Try it → Set down every record once more, exactly as given.
********************
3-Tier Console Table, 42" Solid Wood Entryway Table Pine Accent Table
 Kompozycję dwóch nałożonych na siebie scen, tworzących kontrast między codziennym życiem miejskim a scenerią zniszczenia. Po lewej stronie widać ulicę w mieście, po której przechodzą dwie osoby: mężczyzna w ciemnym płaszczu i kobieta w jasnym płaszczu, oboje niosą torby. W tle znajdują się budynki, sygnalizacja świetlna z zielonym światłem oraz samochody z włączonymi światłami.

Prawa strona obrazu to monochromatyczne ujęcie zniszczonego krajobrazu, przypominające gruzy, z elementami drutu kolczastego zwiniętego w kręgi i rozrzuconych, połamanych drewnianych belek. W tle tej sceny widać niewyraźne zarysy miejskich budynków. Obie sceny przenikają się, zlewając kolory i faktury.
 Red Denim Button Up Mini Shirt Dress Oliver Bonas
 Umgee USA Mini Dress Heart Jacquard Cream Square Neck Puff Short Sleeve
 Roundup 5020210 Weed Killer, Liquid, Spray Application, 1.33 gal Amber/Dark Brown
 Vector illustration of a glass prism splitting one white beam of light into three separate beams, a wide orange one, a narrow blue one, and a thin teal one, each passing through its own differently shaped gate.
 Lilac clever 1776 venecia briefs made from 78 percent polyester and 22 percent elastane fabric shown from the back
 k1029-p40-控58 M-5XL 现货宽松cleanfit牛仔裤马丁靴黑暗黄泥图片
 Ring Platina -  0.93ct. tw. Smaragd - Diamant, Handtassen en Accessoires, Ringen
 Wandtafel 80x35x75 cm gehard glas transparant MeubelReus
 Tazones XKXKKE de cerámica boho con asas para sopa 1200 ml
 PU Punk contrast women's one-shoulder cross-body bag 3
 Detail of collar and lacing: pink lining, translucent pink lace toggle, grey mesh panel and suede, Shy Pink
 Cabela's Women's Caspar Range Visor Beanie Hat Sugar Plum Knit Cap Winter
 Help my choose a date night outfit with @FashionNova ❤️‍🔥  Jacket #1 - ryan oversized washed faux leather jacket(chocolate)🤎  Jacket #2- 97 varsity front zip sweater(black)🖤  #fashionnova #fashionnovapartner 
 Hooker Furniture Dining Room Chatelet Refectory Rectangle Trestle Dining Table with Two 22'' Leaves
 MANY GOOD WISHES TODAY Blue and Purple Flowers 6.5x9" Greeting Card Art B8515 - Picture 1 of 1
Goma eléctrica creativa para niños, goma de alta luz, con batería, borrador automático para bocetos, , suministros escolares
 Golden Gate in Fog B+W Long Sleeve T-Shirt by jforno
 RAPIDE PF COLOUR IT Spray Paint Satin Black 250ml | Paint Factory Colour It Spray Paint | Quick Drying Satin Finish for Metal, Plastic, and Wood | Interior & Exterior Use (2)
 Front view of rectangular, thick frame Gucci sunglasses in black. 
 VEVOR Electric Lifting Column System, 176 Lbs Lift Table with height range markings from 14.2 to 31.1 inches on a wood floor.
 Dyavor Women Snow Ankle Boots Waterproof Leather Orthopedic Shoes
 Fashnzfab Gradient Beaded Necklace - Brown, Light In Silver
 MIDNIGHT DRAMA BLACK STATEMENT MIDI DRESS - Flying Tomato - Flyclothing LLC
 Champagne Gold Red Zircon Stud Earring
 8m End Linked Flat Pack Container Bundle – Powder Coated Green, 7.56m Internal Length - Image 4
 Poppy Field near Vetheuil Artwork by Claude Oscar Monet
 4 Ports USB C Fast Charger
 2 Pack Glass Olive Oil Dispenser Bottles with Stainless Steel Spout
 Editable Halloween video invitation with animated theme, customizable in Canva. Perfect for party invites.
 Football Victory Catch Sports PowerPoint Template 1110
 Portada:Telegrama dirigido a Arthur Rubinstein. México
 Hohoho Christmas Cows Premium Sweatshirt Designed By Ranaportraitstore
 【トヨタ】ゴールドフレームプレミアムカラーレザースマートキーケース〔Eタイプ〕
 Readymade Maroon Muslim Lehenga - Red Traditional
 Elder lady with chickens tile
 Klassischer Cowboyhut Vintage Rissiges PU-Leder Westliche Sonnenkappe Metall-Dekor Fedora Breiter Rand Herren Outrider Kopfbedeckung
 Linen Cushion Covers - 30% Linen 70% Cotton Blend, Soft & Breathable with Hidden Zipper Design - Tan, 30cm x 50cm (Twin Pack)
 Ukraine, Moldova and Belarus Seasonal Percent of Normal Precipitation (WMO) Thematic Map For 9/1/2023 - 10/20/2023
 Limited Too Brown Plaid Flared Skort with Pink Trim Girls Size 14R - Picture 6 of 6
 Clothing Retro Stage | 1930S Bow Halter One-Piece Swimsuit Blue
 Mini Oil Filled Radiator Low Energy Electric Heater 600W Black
********************
Response to this exercise →
3-Tier Console Table, 42" Solid Wood Entryway Table Pine Accent Table
 Kompozycję dwóch nałożonych na siebie scen, tworzących kontrast między codziennym życiem miejskim a scenerią zniszczenia. Po lewej stronie widać ulicę w mieście, po której przechodzą dwie osoby: mężczyzna w ciemnym płaszczu i kobieta w jasnym płaszczu, oboje niosą torby. W tle znajdują się budynki, sygnalizacja świetlna z zielonym światłem oraz samochody z włączonymi światłami.

Prawa strona obrazu to monochromatyczne ujęcie zniszczonego krajobrazu, przypominające gruzy, z elementami drutu kolczastego zwiniętego w kręgi i rozrzuconych, połamanych drewnianych belek. W tle tej sceny widać niewyraźne zarysy miejskich budynków. Obie sceny przenikają się, zlewając kolory i faktury.
 Red Denim Button Up Mini Shirt Dress Oliver Bonas
 Umgee USA Mini Dress Heart Jacquard Cream Square Neck Puff Short Sleeve
 Roundup 5020210 Weed Killer, Liquid, Spray Application, 1.33 gal Amber/Dark Brown
 Vector illustration of a glass prism splitting one white beam of light into three separate beams, a wide orange one, a narrow blue one, and a thin teal one, each passing through its own differently shaped gate.
 Lilac clever 1776 venecia briefs made from 78 percent polyester and 22 percent elastane fabric shown from the back
 k1029-p40-控58 M-5XL 现货宽松cleanfit牛仔裤马丁靴黑暗黄泥图片
 Ring Platina -  0.93ct. tw. Smaragd - Diamant, Handtassen en Accessoires, Ringen
 Wandtafel 80x35x75 cm gehard glas transparant MeubelReus
 Tazones XKXKKE de cerámica boho con asas para sopa 1200 ml
 PU Punk contrast women's one-shoulder cross-body bag 3
 Detail of collar and lacing: pink lining, translucent pink lace toggle, grey mesh panel and suede, Shy Pink
 Cabela's Women's Caspar Range Visor Beanie Hat Sugar Plum Knit Cap Winter
 Help my choose a date night outfit with @FashionNova ❤️‍🔥  Jacket #1 - ryan oversized washed faux leather jacket(chocolate)🤎  Jacket #2- 97 varsity front zip sweater(black)🖤  #fashionnova #fashionnovapartner 
 Hooker Furniture Dining Room Chatelet Refectory Rectangle Trestle Dining Table with Two 22'' Leaves
 MANY GOOD WISHES TODAY Blue and Purple Flowers 6.5x9" Greeting Card Art B8515 - Picture 1 of 1
Goma eléctrica creativa para niños, goma de alta luz, con batería, borrador automático para bocetos, , suministros escolares
 Golden Gate in Fog B+W Long Sleeve T-Shirt by jforno
 RAPIDE PF COLOUR IT Spray Paint Satin Black 250ml | Paint Factory Colour It Spray Paint | Quick Drying Satin Finish for Metal, Plastic, and Wood | Interior & Exterior Use (2)
 Front view of rectangular, thick frame Gucci sunglasses in black. 
 VEVOR Electric Lifting Column System, 176 Lbs Lift Table with height range markings from 14.2 to 31.1 inches on a wood floor.
 Dyavor Women Snow Ankle Boots Waterproof Leather Orthopedic Shoes
 Fashnzfab Gradient Beaded Necklace - Brown, Light In Silver
 MIDNIGHT DRAMA BLACK STATEMENT MIDI DRESS - Flying Tomato - Flyclothing LLC
 Champagne Gold Red Zircon Stud Earring
 8m End Linked Flat Pack Container Bundle – Powder Coated Green, 7.56m Internal Length - Image 4
 Poppy Field near Vetheuil Artwork by Claude Oscar Monet
 4 Ports USB C Fast Charger
 2 Pack Glass Olive Oil Dispenser Bottles with Stainless Steel Spout
 Editable Halloween video invitation with animated theme, customizable in Canva. Perfect for party invites.
 Football Victory Catch Sports PowerPoint Template 1110
 Portada:Telegrama dirigido a Arthur Rubinstein. México
 Hohoho Christmas Cows Premium Sweatshirt Designed By Ranaportraitstore
 【トヨタ】ゴールドフレームプレミアムカラーレザースマートキーケース〔Eタイプ〕
 Readymade Maroon Muslim Lehenga - Red Traditional
 Elder lady with chickens tile
 Klassischer Cowboyhut Vintage Rissiges PU-Leder Westliche Sonnenkappe Metall-Dekor Fedora Breiter Rand Herren Outrider Kopfbedeckung
 Linen Cushion Covers - 30% Linen 70% Cotton Blend, Soft & Breathable with Hidden Zipper Design - Tan, 30cm x 50cm (Twin Pack)
 Ukraine, Moldova and Belarus Seasonal Percent of Normal Precipitation (WMO) Thematic Map For 9/1/2023 - 10/20/2023
 Limited Too Brown Plaid Flared Skort with Pink Trim Girls Size 14R - Picture 6 of 6
 Clothing Retro Stage | 1930S Bow Halter One-Piece Swimsuit Blue
 Mini Oil Filled Radiator Low Energy Electric Heater 600W Black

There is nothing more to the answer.